Record extracts »
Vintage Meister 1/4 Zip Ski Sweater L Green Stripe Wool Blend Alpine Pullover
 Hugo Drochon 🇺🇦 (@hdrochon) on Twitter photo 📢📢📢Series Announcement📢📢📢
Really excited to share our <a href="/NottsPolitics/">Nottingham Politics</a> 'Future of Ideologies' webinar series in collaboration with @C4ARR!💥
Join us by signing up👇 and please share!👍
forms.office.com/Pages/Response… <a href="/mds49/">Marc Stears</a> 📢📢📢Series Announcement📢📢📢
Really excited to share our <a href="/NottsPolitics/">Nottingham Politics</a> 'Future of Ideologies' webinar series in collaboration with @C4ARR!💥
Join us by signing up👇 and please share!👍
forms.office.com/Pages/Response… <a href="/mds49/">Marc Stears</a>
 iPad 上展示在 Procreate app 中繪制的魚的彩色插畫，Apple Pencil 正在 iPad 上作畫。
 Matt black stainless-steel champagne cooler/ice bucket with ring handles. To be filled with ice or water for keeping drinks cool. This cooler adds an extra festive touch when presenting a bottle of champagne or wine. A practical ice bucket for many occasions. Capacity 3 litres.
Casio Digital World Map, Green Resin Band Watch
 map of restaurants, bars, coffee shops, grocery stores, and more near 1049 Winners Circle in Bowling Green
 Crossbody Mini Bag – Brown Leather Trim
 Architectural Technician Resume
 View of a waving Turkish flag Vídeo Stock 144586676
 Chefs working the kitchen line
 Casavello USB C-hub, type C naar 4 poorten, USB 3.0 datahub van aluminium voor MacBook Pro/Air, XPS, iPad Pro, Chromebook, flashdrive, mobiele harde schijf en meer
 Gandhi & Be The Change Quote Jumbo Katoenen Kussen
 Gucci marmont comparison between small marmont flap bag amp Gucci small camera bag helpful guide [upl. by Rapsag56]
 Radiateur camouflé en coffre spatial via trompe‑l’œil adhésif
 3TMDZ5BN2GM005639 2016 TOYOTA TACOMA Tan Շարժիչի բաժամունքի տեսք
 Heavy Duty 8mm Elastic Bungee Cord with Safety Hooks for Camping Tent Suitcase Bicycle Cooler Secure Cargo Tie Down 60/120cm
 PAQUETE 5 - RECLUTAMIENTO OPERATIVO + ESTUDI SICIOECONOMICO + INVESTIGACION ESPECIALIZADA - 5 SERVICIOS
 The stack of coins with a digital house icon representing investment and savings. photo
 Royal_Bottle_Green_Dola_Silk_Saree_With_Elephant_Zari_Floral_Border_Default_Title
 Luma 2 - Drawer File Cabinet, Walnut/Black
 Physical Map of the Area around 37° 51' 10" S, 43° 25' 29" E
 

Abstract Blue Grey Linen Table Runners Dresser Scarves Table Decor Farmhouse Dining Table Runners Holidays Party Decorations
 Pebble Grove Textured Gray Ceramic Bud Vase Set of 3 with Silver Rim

Task instructions »
Find "Chefs working the kitchen line" in the entries above and copy that whole line exactly, then each line after it through the line that contains "Gandhi & Be".

Output for this task »
 Chefs working the kitchen line
 Casavello USB C-hub, type C naar 4 poorten, USB 3.0 datahub van aluminium voor MacBook Pro/Air, XPS, iPad Pro, Chromebook, flashdrive, mobiele harde schijf en meer
 Gandhi & Be The Change Quote Jumbo Katoenen Kussen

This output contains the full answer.